### Records from a collection
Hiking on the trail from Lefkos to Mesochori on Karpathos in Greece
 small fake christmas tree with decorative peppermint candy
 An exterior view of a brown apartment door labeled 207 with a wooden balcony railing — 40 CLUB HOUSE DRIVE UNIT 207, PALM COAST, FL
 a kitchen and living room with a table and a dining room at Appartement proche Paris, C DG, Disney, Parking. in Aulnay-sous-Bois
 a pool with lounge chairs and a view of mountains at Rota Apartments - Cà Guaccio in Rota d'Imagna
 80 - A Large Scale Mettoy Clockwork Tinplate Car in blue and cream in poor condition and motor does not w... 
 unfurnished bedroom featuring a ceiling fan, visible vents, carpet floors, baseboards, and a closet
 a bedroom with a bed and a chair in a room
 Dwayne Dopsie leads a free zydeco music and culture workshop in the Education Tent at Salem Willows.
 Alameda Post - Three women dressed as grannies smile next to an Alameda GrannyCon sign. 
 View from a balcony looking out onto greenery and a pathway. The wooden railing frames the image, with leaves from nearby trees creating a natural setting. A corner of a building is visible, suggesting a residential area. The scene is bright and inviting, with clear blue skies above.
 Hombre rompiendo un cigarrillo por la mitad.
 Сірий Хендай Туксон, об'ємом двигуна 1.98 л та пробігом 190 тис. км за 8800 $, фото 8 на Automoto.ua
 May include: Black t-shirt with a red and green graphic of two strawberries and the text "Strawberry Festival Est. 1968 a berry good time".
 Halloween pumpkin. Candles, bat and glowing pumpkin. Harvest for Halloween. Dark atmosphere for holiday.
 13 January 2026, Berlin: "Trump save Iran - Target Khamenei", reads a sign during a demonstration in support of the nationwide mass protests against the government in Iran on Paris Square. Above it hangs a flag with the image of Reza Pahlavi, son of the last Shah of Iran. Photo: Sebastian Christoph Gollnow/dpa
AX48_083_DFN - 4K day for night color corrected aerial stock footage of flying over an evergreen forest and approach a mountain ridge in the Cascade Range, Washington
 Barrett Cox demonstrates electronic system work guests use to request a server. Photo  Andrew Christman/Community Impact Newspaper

### TASK
The lines to extract from the data above begin with the line containing "Сірий Хендай Туксон, об'ємом" and end with the line containing "Sebastian Christoph Gollnow/dpa". Extract them exactly, including both.

### FINISHED EXERCISE
 Сірий Хендай Туксон, об'ємом двигуна 1.98 л та пробігом 190 тис. км за 8800 $, фото 8 на Automoto.ua
 May include: Black t-shirt with a red and green graphic of two strawberries and the text "Strawberry Festival Est. 1968 a berry good time".
 Halloween pumpkin. Candles, bat and glowing pumpkin. Harvest for Halloween. Dark atmosphere for holiday.
 13 January 2026, Berlin: "Trump save Iran - Target Khamenei", reads a sign during a demonstration in support of the nationwide mass protests against the government in Iran on Paris Square. Above it hangs a flag with the image of Reza Pahlavi, son of the last Shah of Iran. Photo: Sebastian Christoph Gollnow/dpa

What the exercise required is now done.